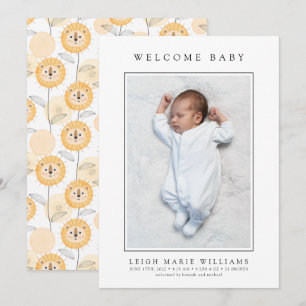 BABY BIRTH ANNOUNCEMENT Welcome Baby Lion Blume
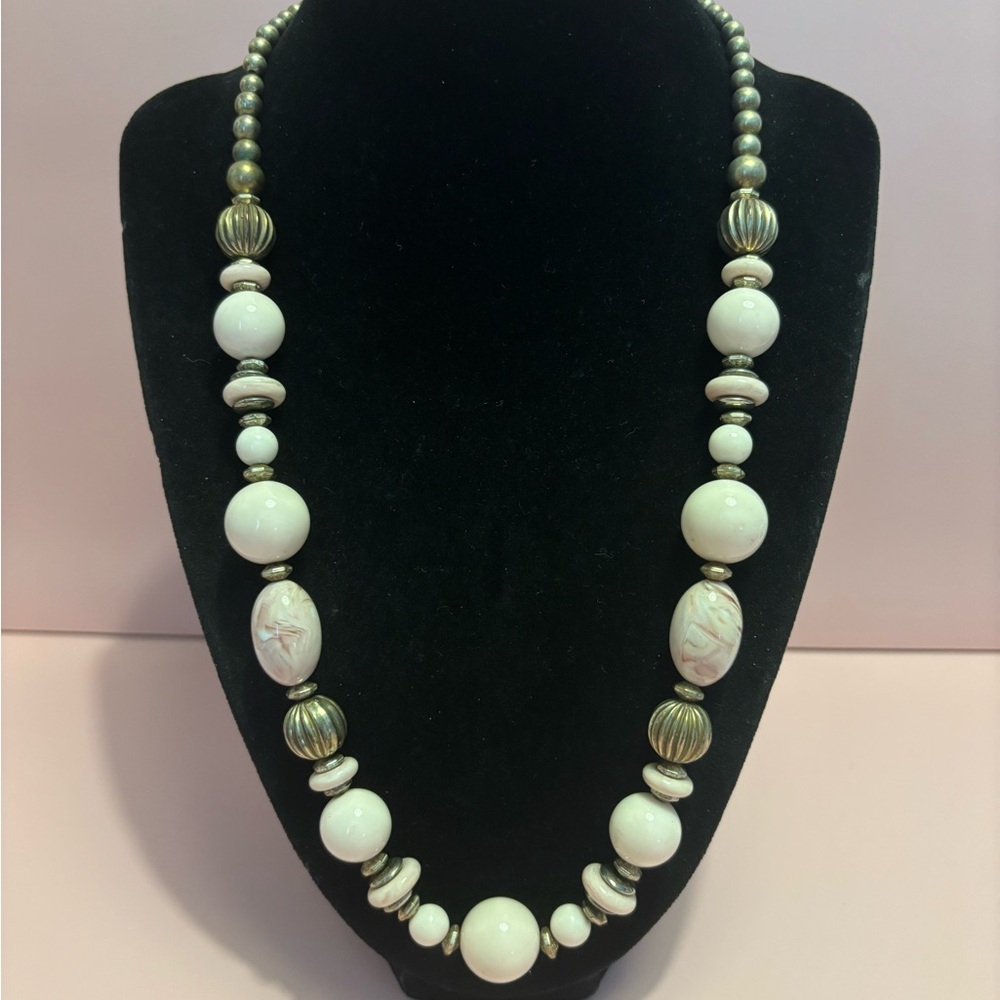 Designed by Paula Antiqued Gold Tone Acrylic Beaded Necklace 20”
...
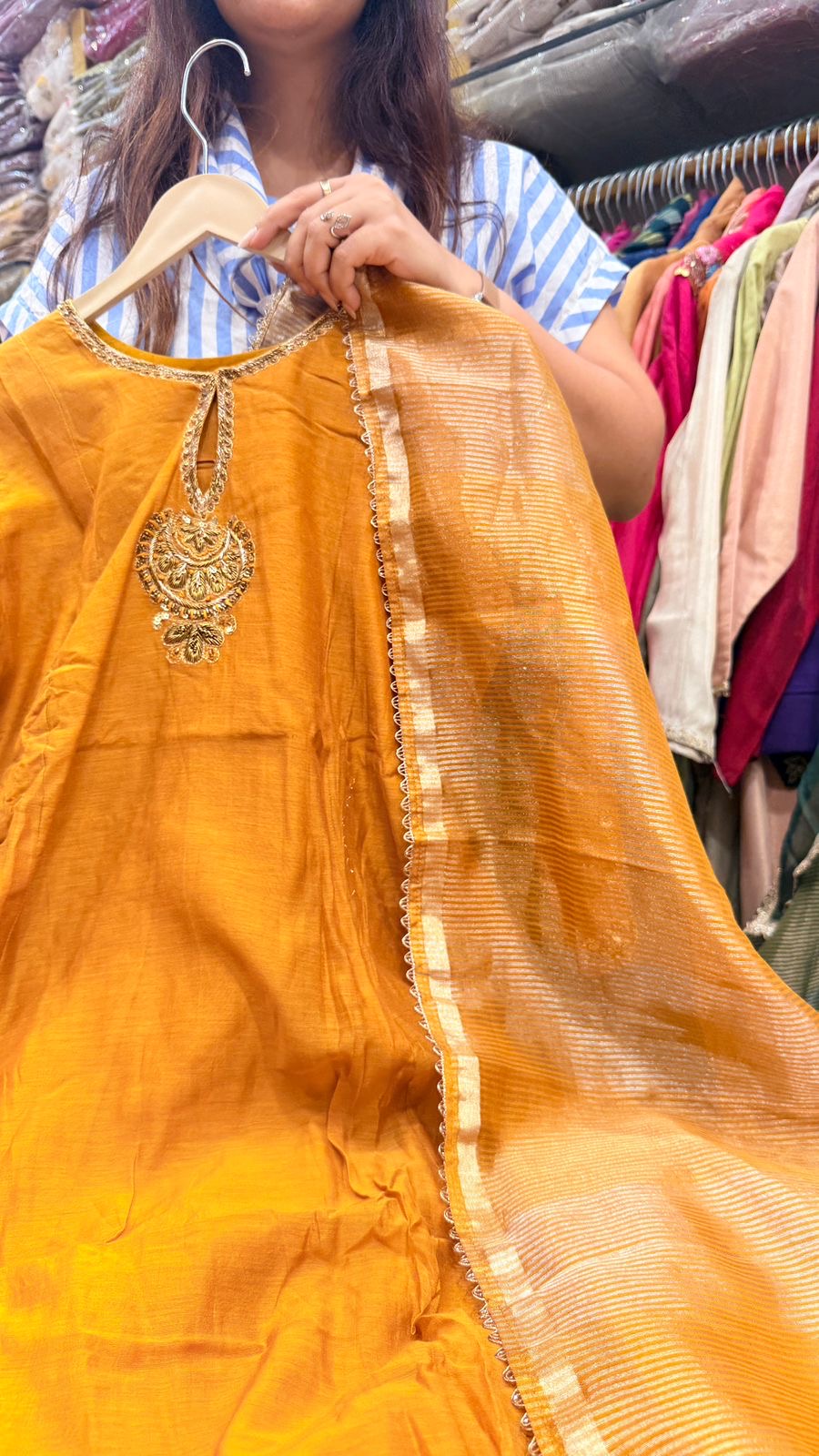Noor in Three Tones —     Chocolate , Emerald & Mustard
---
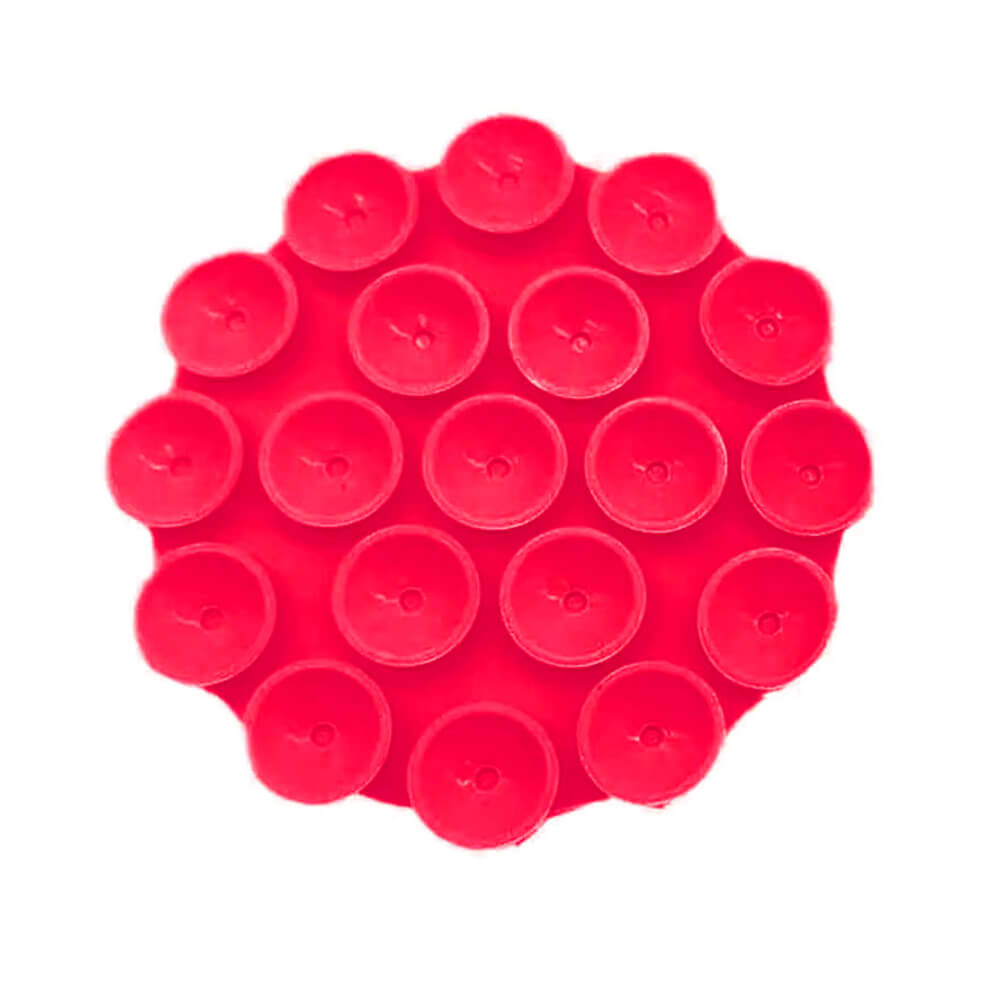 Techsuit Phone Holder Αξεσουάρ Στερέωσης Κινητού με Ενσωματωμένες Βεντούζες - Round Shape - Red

→ WHAT IS EXPECTED
Starting at the line with "BABY BIRTH ANNOUNCEMENT" and finishing at the line with "Designed by Paula", copy the material above exactly, both lines included. Nothing else goes in, and no pictures.

→ EXERCISE SOLUTION
 BABY BIRTH ANNOUNCEMENT Welcome Baby Lion Blume
 Designed by Paula Antiqued Gold Tone Acrylic Beaded Necklace 20”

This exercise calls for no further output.